While UWB’s higher power usage isn’t good news for smart locks, which already struggle with battery life, the use cases for UWB in the smart home are exciting. I’d expect to see Apple do more with its U1 chip, which also made its way into the HomePod Mini and second-generation HomePod.

In 2021, Apple added a feature to transfer music from your iPhone to a HomePod that uses the U1 chip in both devices.
Image: Apple

Before this new auto-unlock feature for homes, Apple used UWB for things like transferring music, finding an AirTag, and unlocking your car. But there is potential for advanced smart home automations. With such precise location data, a HomePod can turn on bedroom lights when you walk from the living room to the bedroom, and then turn them on in the living room when you walk in the other direction. That would be really cool.
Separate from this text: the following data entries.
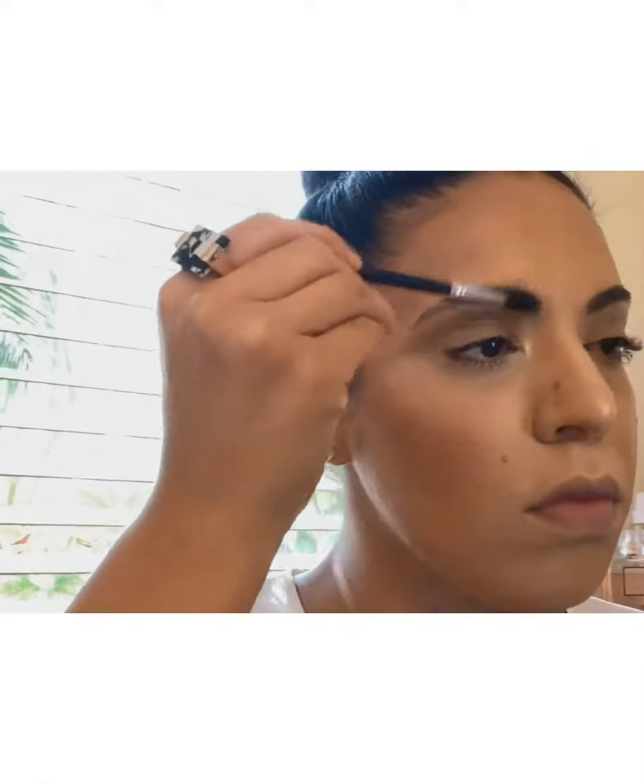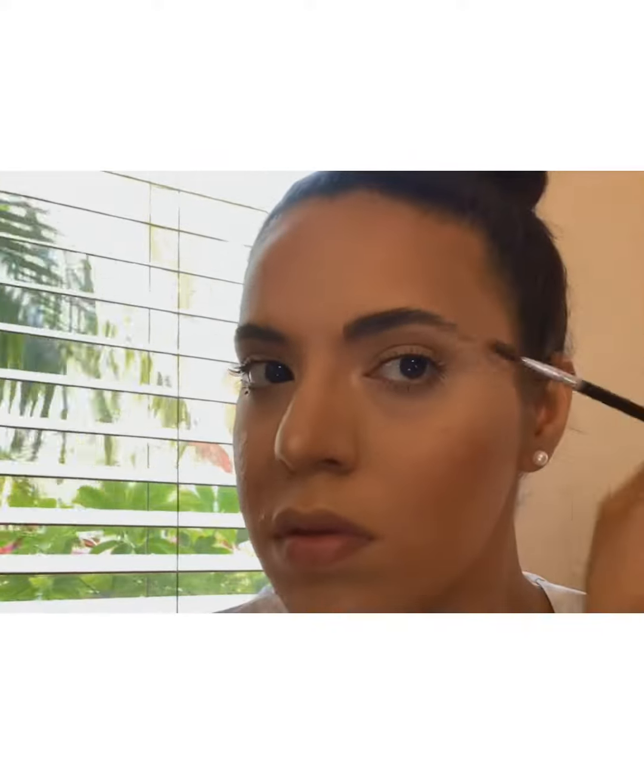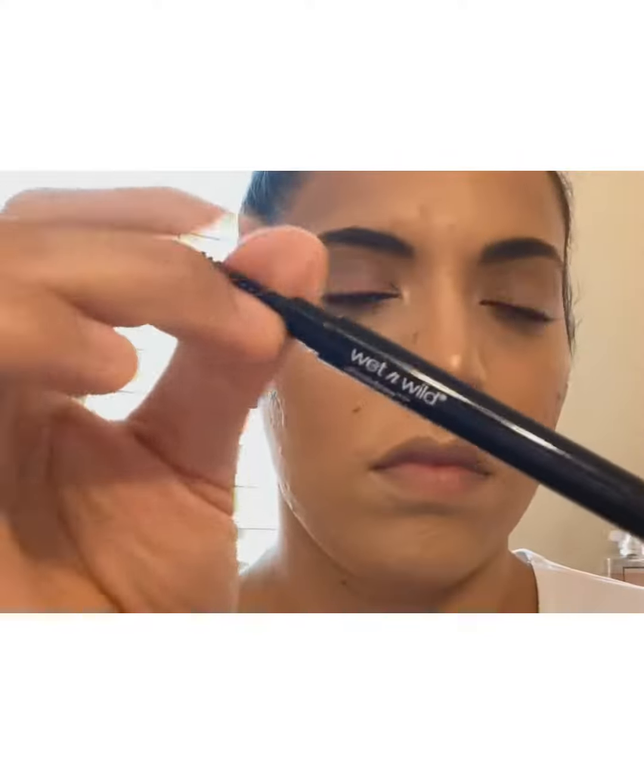Hi guys, how's everyone doing? I hope everyone is doing good while in quarantine, staying in and staying safe. I wanted to jump on here and just introduce you to my first tutorial — this is how I do my quarantine eyebrows while I'm home, whenever I want to feel put together.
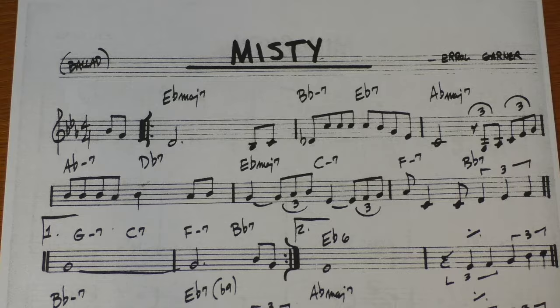Welcome to Lothar's Guitar School. Today we do a harmonic analysis of the jazz ballad Misty, with hints on improvisation. And here we go.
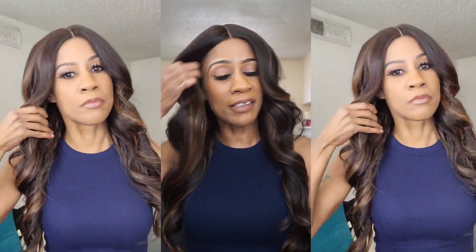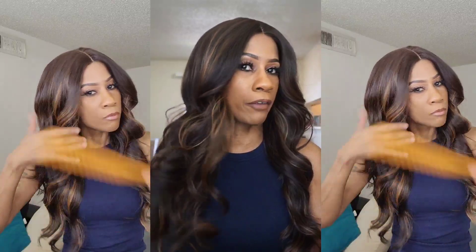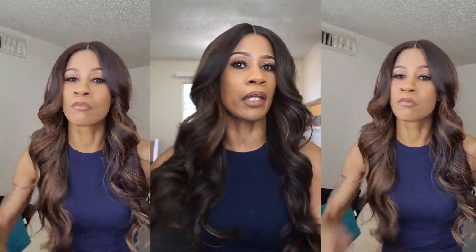This is going to be a big-head-girl-friendly unit. It's fitting me nice and snug, and I do have a smaller-sized head. There are two combs in the front, one in the back, with an adjustable strap. I just can't get over how gorgeous this is — it definitely looks like a salon blowout, like I just came out of the shop.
Hands-free unlocking for smart home locks will likely extend beyond Apple Home. Aliro, a universal standard for smart locks that Apple is helping to develop, plans to include UWB, along with BLE and NFC (which Apple uses for its Home Key tap-to-unlock technology), in its first specification.

We could very well see hands-free unlocking come to more smart home platforms

While Aliro is in its early stages, considering most high-end Android phones also support UWB, we could very well see this hands-free unlocking feature coming to more smart home platforms if the smart lock industry finally adopts it. Unlike Apple’s Home Key feature, hands-free unlocking with UWB will not require specific HomeKit certification; If the lock is Matter certified and has the necessary hardware, it will work with Apple Home hands-free unlocking.

So while it looks like we’ll have to wait a while for this better, faster auto-unlock feature – and invest in new hardware – there are promising signs here. The very fragmented smart home industry is starting to coalesce around exciting new technologies that have the potential to make our homes significantly smarter.